The "Men's Movements"

Menstuff® provides a brief background on the different segments of the "men's movement".


Men's/Father's Rights
Men's Recovery
Mythopoetic
Pro-Feminist
Promise Keepers
Books

This is an attempt to look at the men's movement, and some of its major issues over the past 30 plus years, through books. Included is a critique that reviews what each of the four major segments can learn from the other. I have also included several books that are Out-Of-Print (OOP), because of their inportance to the understanding of that movement. They can often be found at used bookstores.

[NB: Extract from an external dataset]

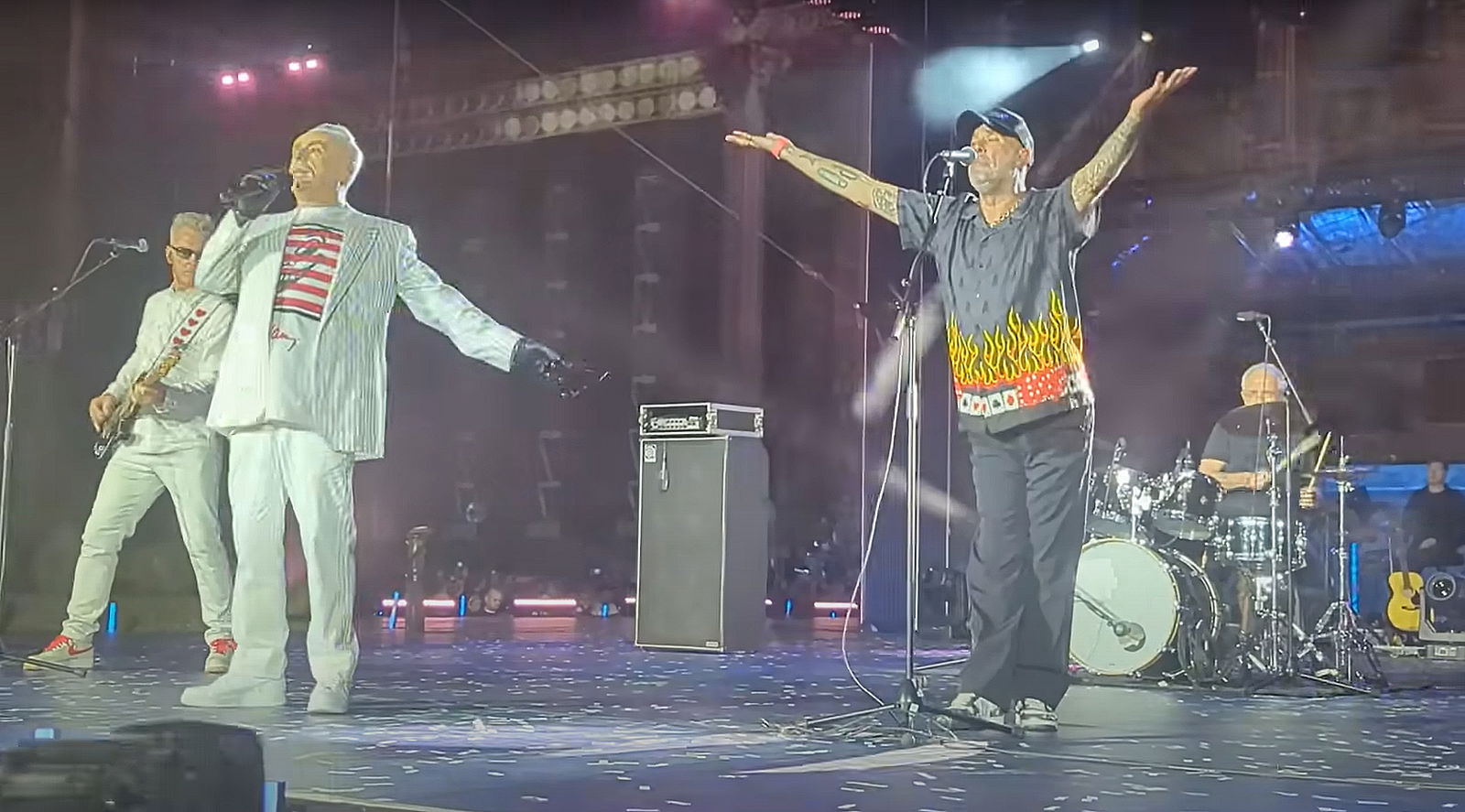 Frankie Goes to Hollywood am 7. Mai 2023 beim ESC-Opening in Liverpool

This information has been garnered from a review of over 3,500 books published since 1958 covering more than 100 men's issues. This information was gathered from three main sources: the rather extensive library at The National Men's Resource Center and two bibliographies, one put together by the Men's Studies Task Group of the National Organization for Men Against Sexism and the other a book titled "Men's Studies: A Selected and Annotated Interdisciplinary Bibliography" by Eugene August, published in 1985 and updated in 1994.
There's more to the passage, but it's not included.